Tenacious-Techhunter said:
This wouldn't work in space as there is no atmosphere to leverage against. To perform this maneuver a ship that had accelerated for 1 turn in a direction would have to flip and decelerate using it's main engines for 1 turn to come to a relative stop, and only then could it change course to go back in the opposite direction.
You are misunderstanding why I am quoting this maneuver. There are 3 practical things you can alter to shake your opponent:
1. Your rate of forward movement
2. Your orientation
3. Your rate of perpendicular thrust, for turns
While there is no
drag in space, you would generally want to change
all 3 parameters at once in order to shake your opponent. That's a Chandelle turn, or the inverse of one if you're speeding up instead of slowing down. I'm just replacing drag and lift with Thrust. The maneuver isn't any different just because space is a void.
Finally,
Traveller ships do not need to flip to slow down. Not according to Mongoose, anyway.[/quote]
That's not a correct statement. MGT, CT and the others all postulate a reaction-based drive system and newtonian movement. So the rule has always been you accelerate half way to your destination and then flip and decelerate to come to a stop - assuming you are wanting to stop. Mainstream Traveller has never postulated a reactionless drive universe.
Thrusters should be incapable of the same amount of energy required from main engines (hence the label 'main'). While aerial maneuvers are similar in space, they still require a change of mindset to offset the differences in place. Aerial maneuvers can count on drag, space maneuvers require equal amounts of thrust energy to offset the previous one - which is a primary factor considering you need main engines to offset main engines. Plus 'shaking' your enemy on your tail becomes much different when you can maintain your current velocity and direction while spinning in place to bring your weapons to bear. In that sense you can never elude them unless your rate of thust is greater. And then it's a matter of how fast you can pull away (all the while being shot at).
What the game system has done is collapse much of the actual science down into a far more simpler model to speed gameplay and enhance the fun factor. 'Dogfights' in space, using real spacial maneuver physics would be rather funny to watch I think. In Traveller a space combat turn is 6 minutes. The idea is that any craft can spin on it's axis, bring even spinal mounts to bear, and then spin back and engage main drives to continue its path. I actually doubt multi-thousand ton ships are going to have THAT capability, but I don't see that part of the game system ever changing. It would have to be revamped and moved to a board-style with turning rates and everything. And even then, assuming you wanted to maintain realism, you would have to keep track of thrust-turns because in order to change directions you'd have to provide equal thrust in the opposite direction just to slow down. Otherwise your turns would be quite far and wide.

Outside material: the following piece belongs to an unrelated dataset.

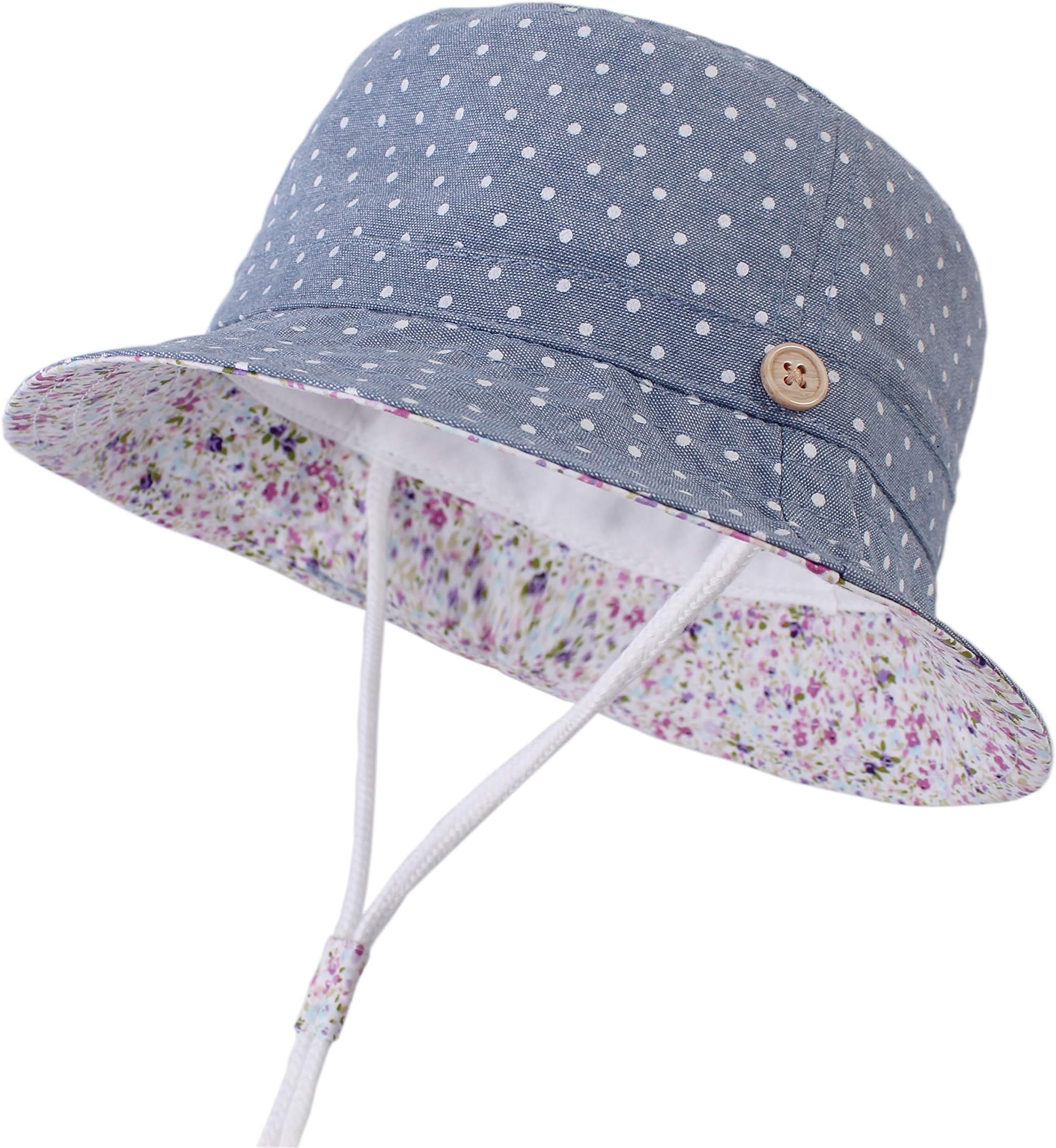 LANGZHEN Sun Protection Hat for Kids Toddler Boys Girls Wide Brim Summer Play Hat Cotton Baby Bucket Hat with Chin Strap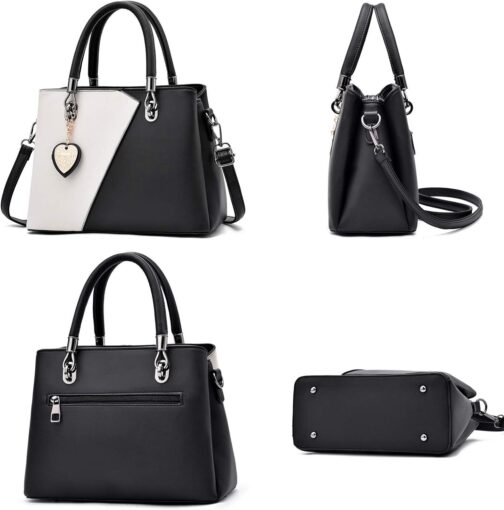 Womens Leather Handbags Purse Top-handle Bags Contrast Color Stitching Totes Satchel Shoulder Bag for Ladies - Image 2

Though one could fairly argue trailing at 20,000km while you both tried to turn is the space equivalent of being on someone's tail.
phavoc said:
This is exactly the definition of a Maneuver Drive, according to Mongoose. Internal, but not external, of course. It uses Thrust in all directions in order to maneuver the craft. Rolling, Pitching, Yawing, and all Translation included.
No, it's not. Maneuver drives operate the same as reaction-based, they are at the rear of the craft and 'push' it forward - just don't go digging any deeper because there's no underlying physic framework to explain it. Accept it and move on. And that's how it's been with every version, including MGT. I have looked before and it's hard enough to even find bare mention of thrusters anywhere. With the new emphasis on the extra speed bonus made available by reaction drives this tenet is only being reinforced (personally I don't think the path they are going down is a good one, but I've already voted and been overruled on that one - it's sci-fi, and people want more zip using high-burn thrusters).
The combat system has never gone into that sort of detail regarding maneuvers during combat. It's always been at a high level and not necessarily even a correct reflection of the physics universe model that has already been defined. We use the stripped-down gaming version.